So haben sich die Netzwerkideologien der 80er und 90er Jahre auf eine fatale und höchst desillusionierende Weise bewahrheitet. Der haltlose Konsumnachwuchs vernetzt sich in der Markenwelt durch Linklisten, E-Mail-Verzeichnisse und gespeicherte Handynummern. Das ‹Ich› ergibt sich in der Postmoderne aus der Summe aller Passwörter, aller E-Mail-Adressen und aller Pseudonyme in den Chatrooms. Das ‹Ich› wird zum Insgesamt der Benutzerprofile eines einzelnen Menschen. So viel ‹Ich› war nie! Wirklich?

Oder verliert sich das ‹Ich› in dem ungezügelten Austausch von Nichtigkeiten zwischen sinnentleerten Beziehungsknoten und Benutzerprofilen? Müssen wir nicht vielmehr fürchten, daß keine integrative Ebene, keine Selbstreflexivität die Fragmente der Person, die Identitätsflicken mehr zusammen hält? Und muß die durch den Waren- und Kommunikationskonsum definierte Existenz nicht deswegen so überdeutlich zur Schau gestellt werden, da immer mehr Menschen immer weniger bei sich sind? Die Oberfläche ist wichtig: Die Oberfläche der Kleidung und die Oberfläche der Haut. Die Oberflächen.

Zunächst zur Kleidung, zum ‹Outfit›: Kleidung war zu allen Zeiten eine entscheidende Variable demographischer Fremd- und Selbstsegregation. Es kommt aber in der Postmoderne einiges dazu, denn die ohnehin illusionäre Grenze zwischen Konsumenten und Warenwelt ist endgültig verwischt. Ein ‹Ich› steht heute der Warenwelt nicht mehr fassungslos gegenüber, es ist Teil der Warenwelt geworden, es ist selbst Ware. Identität und Konsumorientierung sind austauschbare Begriffe geworden. Nichts ist heute einfacher als Produktplazierung am Körper des ‹Ich›. Der Markenname am ‹Ich› ist sichtbar. Das ‹Ich› ist Werbefläche. ‹Ich› und Marke werden eins. Markennamen oder Konsumpräferenzen werden auf der Brust des ‹Ichs› herumgetragen. Wer kann es sich leisten, keinen Firmennamen mit sich herumzutragen, ja selbst der Firmenname zu sein? Wird das ‹Ich› zum Markenmix? Ja. Na und? Muß doch jeder selbst entscheiden. Tja wenn es eine Eigenbewegung wäre. Aber wer glaubt schon daran?

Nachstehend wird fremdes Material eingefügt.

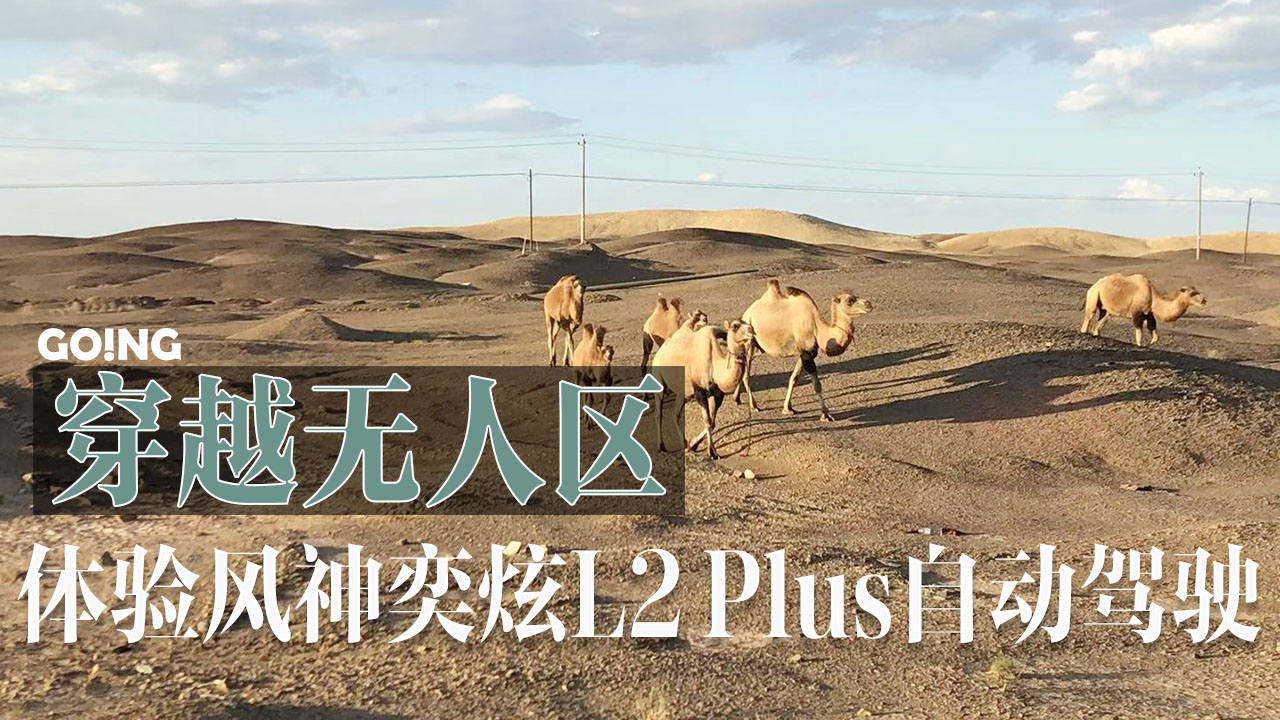 GOINGԽo˅^wLL2 PlusԄ{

Nun zur anderen Oberfläche, der Haut. Lieber Leser, liebe Leserin, begleiten Sie mich auf einem kleinen Spaziergang durch die Einkaufsmeile einer Großstadt. Und sehen wir uns junge Menschen an. Was sehen wir, über den allfälligen Markenmix der angesagten Kleidung hinaus? Richtig: Viele kleine Metall-Applikationen, Klammern und Durchstechungen aller Art, in Augenbraue, Nase, Ohr und Lippe. Auch in der Zunge? Klar. Dann sehen wir auch noch Tätowierungen aller Art. Die Konstruktion einer Benutzeroberfläche des ‹Ich› scheint heute überaus aufwendig zu sein. Das ‹Ich› als Benutzeroberfläche?

Da fällt mir eine der schönen Geschichten ein, die Artus ab und zu erzählt: Etwa Ende der 80er Jahre blickten alle Microsoft-Anwender (also – wie heute – fast alle Computer-Benutzer) neidvoll auf die Atari-Gemeinde. Die produzierte nämlich wunderschöne Ausdrucke von Briefen, Handouts, Graphiken und Formeln, direkt vom Bildschirm in den legendären Drucker NEC P6. Und das Prinzip bei Atari hieß: WYSIWYG. Auf Deutsch: What You See Is What You Get! Was auf dem Bildschirm zu sehen war, wurde als Replika-Modell auf den Drucker übertragen. Toll. Und die Microsoft oder DOS-Gemeinde wurstelte zu jenen Zeiten mit irgendwelchen Zeichensätzen herum, die irgendwo in den Druckern waren. Und die DOS-User sahen nicht fröhlich aus, wenn sie sich die Atari-Ausdrucke betrachteten. So sprach Artus.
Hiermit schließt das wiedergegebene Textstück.